クラシックコンサートの価値は、おそらくですが、300年前からそこまで大きくは変わっていないでしょう。なのに、クラシックコンサートの価格、つまりチケット代は300年前とは比べ物にならないほど高くなっています。もし価値と価格に強い関係性があるのであれば、なぜ有名指揮者は工場作業員より多くの報酬を得ているのでしょうか。
まとめ
このへんでいったんまとめにしておきます。
- 本シリーズ「インフレに関する考察」のお題は、「なぜ需給バランスが需要側に傾くと物価が上昇するのか」である。
- 《インフレ》とは、「任意の財・サービスの価格が上昇すること」である。なお、上昇するのは価格であって、価値ではないことに注意されたい。
- 「Xに価値がある」とは、「Xには、何か特定の物理的な状態または状況を実現するのに役立つ性質が備わっている」という意味である。

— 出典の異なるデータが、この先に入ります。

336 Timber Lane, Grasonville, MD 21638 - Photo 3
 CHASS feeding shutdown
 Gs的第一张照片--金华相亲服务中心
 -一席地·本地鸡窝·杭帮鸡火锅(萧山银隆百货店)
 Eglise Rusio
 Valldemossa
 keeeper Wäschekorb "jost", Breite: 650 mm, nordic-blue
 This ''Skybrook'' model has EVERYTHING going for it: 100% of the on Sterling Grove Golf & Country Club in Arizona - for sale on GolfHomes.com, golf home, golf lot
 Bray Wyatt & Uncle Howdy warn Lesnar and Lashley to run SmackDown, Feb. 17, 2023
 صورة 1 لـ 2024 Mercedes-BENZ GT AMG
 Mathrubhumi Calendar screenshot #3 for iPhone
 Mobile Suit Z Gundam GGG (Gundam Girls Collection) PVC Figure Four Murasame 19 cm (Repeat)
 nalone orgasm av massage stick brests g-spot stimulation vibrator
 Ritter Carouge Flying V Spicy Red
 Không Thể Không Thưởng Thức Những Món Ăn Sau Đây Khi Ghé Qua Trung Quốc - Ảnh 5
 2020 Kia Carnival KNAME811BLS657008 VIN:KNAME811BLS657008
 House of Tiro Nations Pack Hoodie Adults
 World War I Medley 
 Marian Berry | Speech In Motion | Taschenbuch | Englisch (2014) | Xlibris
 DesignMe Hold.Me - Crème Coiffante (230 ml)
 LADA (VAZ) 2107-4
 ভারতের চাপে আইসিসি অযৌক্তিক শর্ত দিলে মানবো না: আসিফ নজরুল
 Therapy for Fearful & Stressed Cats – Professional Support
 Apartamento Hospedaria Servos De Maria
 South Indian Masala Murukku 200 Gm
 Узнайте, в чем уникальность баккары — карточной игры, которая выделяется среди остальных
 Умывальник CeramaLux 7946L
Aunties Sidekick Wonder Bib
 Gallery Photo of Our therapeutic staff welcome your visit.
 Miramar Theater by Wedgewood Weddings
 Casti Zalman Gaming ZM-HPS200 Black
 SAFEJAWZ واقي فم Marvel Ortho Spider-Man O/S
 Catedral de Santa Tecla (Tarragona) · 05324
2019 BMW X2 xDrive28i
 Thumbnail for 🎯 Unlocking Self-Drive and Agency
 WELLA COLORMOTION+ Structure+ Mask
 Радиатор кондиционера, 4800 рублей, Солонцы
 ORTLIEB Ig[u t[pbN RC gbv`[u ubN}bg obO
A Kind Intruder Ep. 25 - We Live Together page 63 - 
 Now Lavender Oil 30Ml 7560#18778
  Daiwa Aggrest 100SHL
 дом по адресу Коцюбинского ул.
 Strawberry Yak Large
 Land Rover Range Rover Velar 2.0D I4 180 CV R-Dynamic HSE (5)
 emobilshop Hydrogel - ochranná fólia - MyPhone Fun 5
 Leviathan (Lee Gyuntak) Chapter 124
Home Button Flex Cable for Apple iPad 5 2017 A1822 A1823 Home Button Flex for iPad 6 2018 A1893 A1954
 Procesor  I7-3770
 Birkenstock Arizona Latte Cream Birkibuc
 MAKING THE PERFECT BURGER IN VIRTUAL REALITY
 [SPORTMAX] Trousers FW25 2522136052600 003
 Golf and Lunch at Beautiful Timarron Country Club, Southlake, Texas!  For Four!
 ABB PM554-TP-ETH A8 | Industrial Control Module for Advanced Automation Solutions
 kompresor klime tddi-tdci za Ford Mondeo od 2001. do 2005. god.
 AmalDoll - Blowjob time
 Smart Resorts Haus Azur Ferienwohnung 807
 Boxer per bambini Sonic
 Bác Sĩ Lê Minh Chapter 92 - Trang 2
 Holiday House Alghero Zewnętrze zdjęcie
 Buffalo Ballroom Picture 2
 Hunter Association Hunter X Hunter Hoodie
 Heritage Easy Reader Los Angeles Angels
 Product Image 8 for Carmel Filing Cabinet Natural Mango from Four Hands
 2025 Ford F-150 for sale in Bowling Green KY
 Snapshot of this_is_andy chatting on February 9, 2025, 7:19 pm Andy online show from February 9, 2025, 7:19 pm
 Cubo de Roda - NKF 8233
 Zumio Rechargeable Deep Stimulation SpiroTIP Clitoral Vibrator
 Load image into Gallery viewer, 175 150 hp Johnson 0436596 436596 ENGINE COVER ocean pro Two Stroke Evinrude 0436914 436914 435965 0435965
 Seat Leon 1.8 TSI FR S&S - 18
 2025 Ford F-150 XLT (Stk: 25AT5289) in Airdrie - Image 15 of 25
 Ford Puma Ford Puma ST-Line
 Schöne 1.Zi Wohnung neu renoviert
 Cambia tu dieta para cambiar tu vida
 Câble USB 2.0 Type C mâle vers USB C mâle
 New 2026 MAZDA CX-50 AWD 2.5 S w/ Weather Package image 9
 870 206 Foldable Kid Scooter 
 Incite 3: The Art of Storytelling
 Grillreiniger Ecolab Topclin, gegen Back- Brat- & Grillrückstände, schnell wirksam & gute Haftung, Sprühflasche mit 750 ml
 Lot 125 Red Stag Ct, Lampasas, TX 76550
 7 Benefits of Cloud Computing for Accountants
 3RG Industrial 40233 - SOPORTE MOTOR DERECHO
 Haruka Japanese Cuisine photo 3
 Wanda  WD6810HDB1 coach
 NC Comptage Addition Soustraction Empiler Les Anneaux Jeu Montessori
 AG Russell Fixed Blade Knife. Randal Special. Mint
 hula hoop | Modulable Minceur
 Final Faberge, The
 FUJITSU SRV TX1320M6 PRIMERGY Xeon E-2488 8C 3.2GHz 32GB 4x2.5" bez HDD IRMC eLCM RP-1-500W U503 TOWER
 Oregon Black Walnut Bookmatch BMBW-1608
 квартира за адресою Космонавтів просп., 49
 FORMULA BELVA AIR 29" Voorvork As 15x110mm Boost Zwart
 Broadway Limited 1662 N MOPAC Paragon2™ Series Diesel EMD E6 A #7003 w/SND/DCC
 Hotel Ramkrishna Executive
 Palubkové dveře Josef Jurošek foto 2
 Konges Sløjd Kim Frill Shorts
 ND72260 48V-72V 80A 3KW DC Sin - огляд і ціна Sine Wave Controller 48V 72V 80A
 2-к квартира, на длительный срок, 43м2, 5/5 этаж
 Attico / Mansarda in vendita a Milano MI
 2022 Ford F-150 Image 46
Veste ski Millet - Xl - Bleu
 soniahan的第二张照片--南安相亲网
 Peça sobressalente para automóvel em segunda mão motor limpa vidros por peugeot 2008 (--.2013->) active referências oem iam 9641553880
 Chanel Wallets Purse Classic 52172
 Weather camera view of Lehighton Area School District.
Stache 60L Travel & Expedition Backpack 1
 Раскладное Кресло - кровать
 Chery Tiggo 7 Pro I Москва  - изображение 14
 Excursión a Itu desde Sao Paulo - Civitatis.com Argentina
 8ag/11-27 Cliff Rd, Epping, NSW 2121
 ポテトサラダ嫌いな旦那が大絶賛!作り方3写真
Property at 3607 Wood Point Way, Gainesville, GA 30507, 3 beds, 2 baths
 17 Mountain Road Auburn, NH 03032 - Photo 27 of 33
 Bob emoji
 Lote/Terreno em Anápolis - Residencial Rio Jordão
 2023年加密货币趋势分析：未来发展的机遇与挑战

- ここでいう《価値》は、Xという存在ではなく、Xの性質に宿るもので、商品貨幣論の説明に使われる《使用価値》や《交換価値》」とは別物である。
- B払いの記録である貨幣は、情報であるから、貨幣に価値は無い。
- 《価格》は、できるだけ安く買いたい買い手と、できるだけ高く売りたい売り手が、互いに交渉して、折り合いが付いた値段のことである。つまり、価格とは、人と人との売買交渉の合意点である。
- 価格と価値の関係性はかなり薄い。価格が価値とは関係なく上下することはいくらでもある。
- 価格は、人と人の合意さえあれば、何にでも、いくらでも付けることができる。
おまけ
先週、しょうもないレスバに多大な時間を浪費してしまったことをここに書き留め、大いに反省したいと思います(´・ω・ `)
日本人は本当はもっと豊かになれます。そのためにはもっと多くの人々が貨幣と経済の仕組みを理解しなければなりません。
私たちが、そして次世代の子供たちが、貧困に怯えずに暮らせる日本を目指しましょう。